Tansu for developer communities
After a successful POC phase. Tansu is starting to show our vision and can be played with on Testnet.
We have an ambitious proposal for the Build award. Besides the road to mainnet and real adoption, we have two objectives:
- Offer a decentralized platform for developers to maintain and interact with projects;
- Add an emphasis on people behind projects through the use of reputation badges.
Decentralized organization
Projects will have access to their own Decentralized Autonomous Organization (DAO). The community of a project will be able to vote on new features or organizational changes. There are several SCF open source projects we might be able to leverage. The project will have a wallet and the DAO will be used to control the funds allocation.

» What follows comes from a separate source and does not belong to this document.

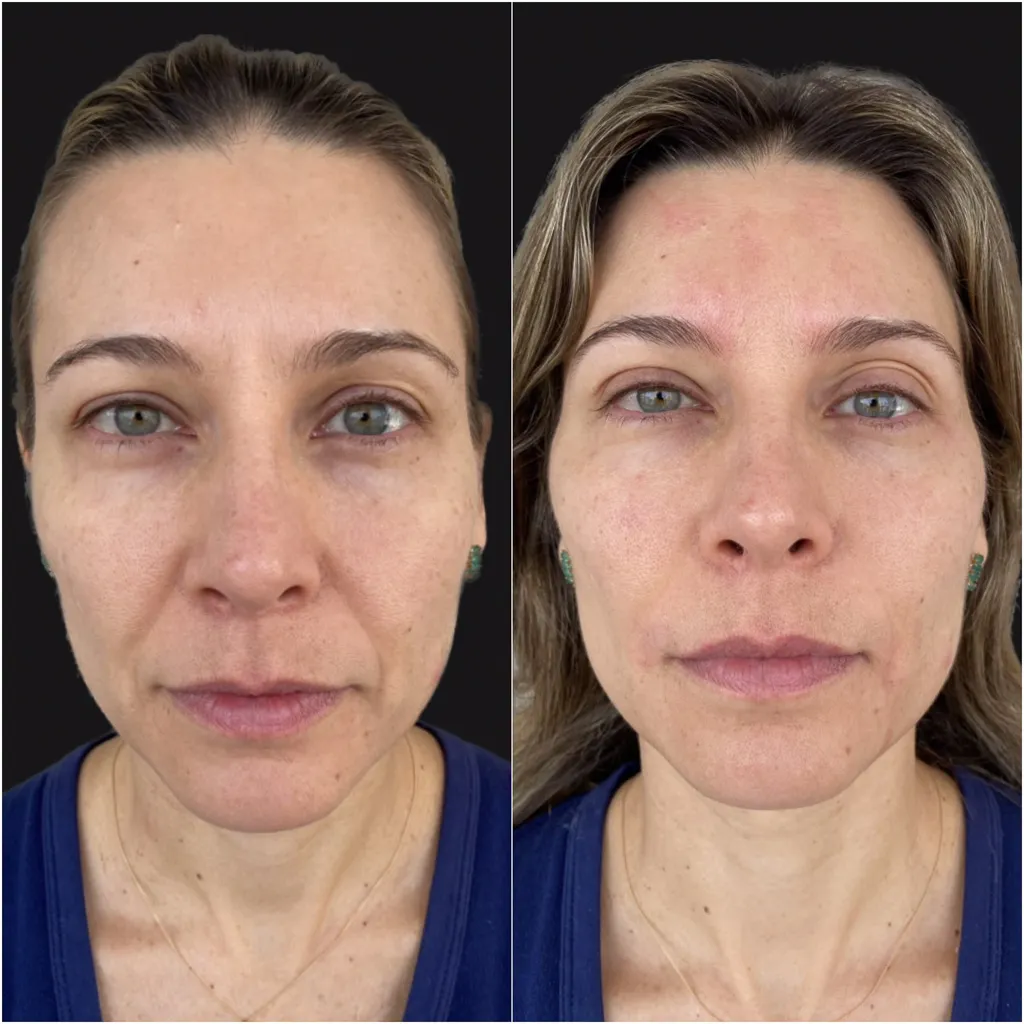 MALAR (Maçãs do rosto)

There are going to be mainly two pools. The first pool is dedicated to developers. Funds will be automatically distributed to active maintainers based on specific criteria. The rest of the funds would be managed by the DAO for other purposes such as compensating non-developers, infrastructure costs, or even organizing events. The use of a complex system of redistributions typically used in web3 projects, such as Quadratic Funding (QF), will be evaluated.

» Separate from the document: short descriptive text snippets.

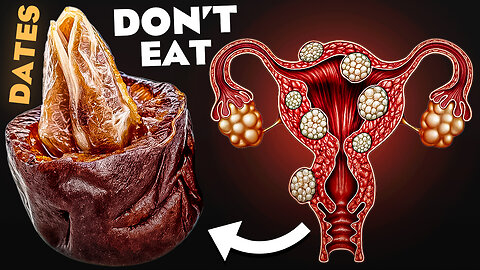 DON'T Eat Eates If You Have These 7 Health Problems! Dates Health Risks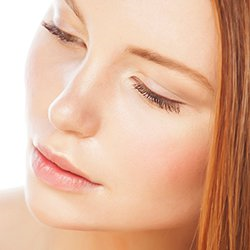 Brow Lift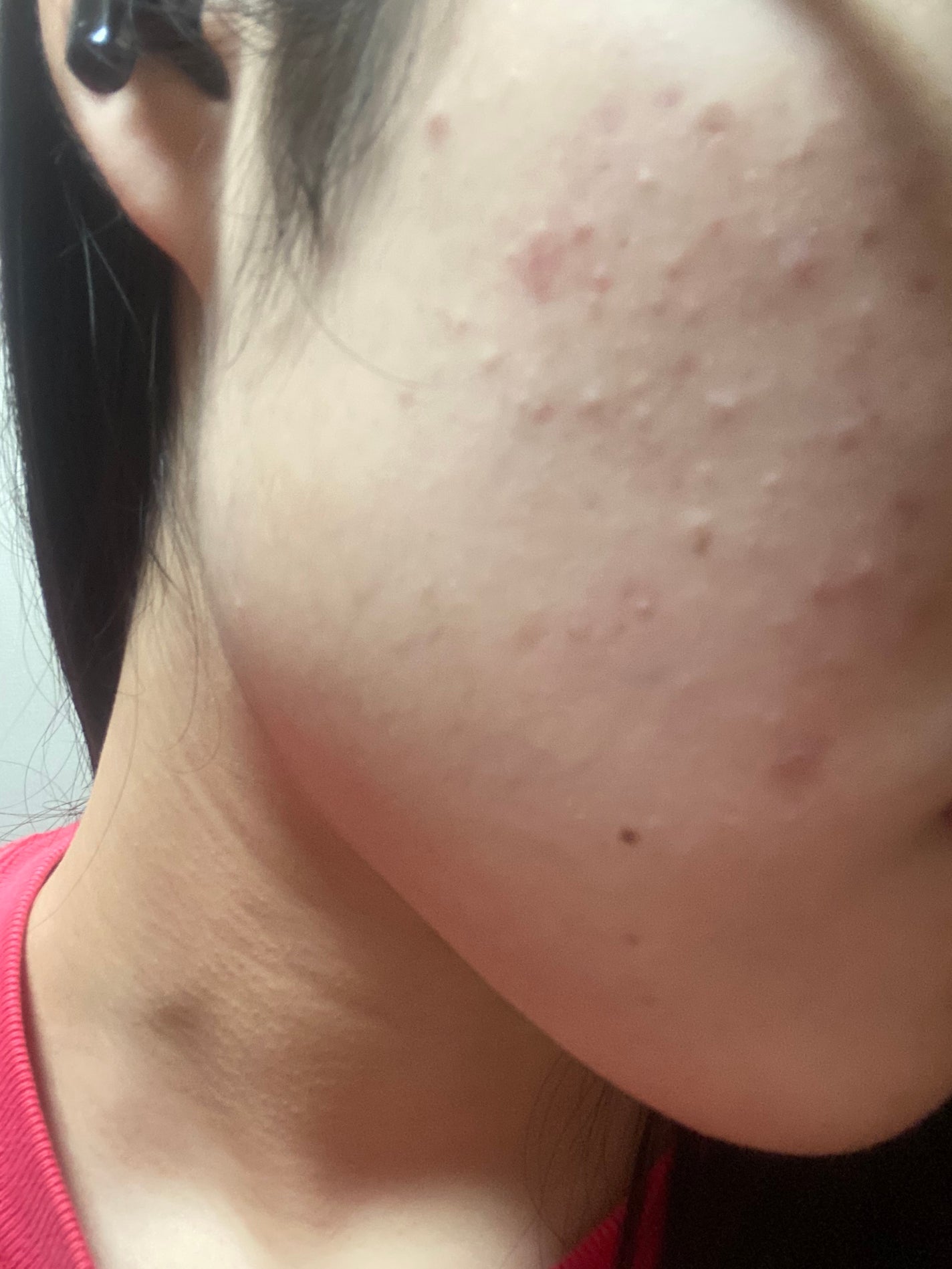 シカレチA エッセンス0.1/VT/美容液を使ったクチコミ(3枚目)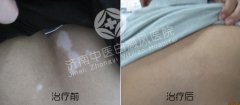 婴儿会得白癜风吗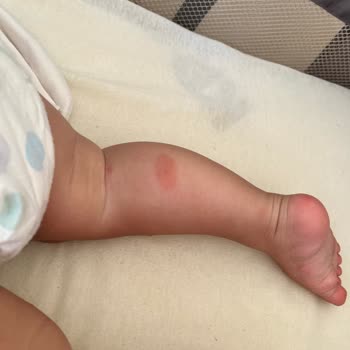 Nurse Harvey’s Bebek Sinek Koruyucu Sprey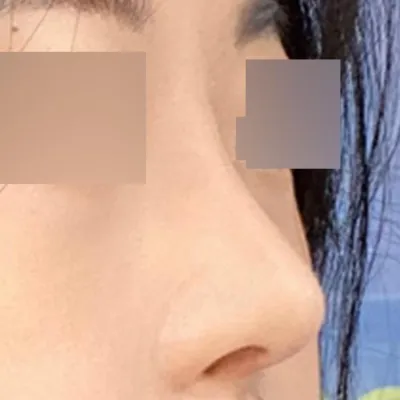 手術後2ヶ月経ちましたが、とても満足しています。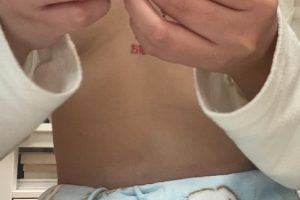 乳钉yin chun钉上钉手术实拍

Tools will be implemented to add/remove maintainers programmatically based on the on-chain status of the project. To that end, we are already leveraging Soroban Domains and will continue to do so and see how we can extend our partnership. Discussions are in progress to get a standard around metadata for instance.

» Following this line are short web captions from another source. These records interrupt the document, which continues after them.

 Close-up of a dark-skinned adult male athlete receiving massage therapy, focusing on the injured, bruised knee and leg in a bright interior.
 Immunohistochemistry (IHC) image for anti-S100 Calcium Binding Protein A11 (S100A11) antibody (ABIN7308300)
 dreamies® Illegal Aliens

Other personas will be added on-chain as to give other responsibilities. This will further increase projects' transparency and give all participants some visibility.
Release process on-chain. From triggering the release to registering it.
Add a level of trust per hash. Combining time based rules with additional factors such as voting from maintainers, to mark specific hashes as more trusted: this introduces a finality concept and enables consumers of the contract to use specific trust levels depending on their own risk profile. We will evaluate the possibility to combine this concept with an automatic update of the hash. This would allow a fully trustless mode of operation. Linked to that, we will add tools to reject a hash. As maintainers can get compromised, it is important to have means to indicate that a project and person is compromised.
Finally, users will be able to subscribe to projects to get news about new trusted releases, security related issues and DAO events.
The people behind the code
Behind projects, we have people. We want to add profiles for people registered on-chain and recognise their contributions. We will leverage the solution from Trustful and build yet another sustainable partnership between SCF projects.
Badges are not vanity tokens. They will play an essential role in defining permissions on the protocol. Linked to the DAO, badges will reflect the level of trust the community has in someone.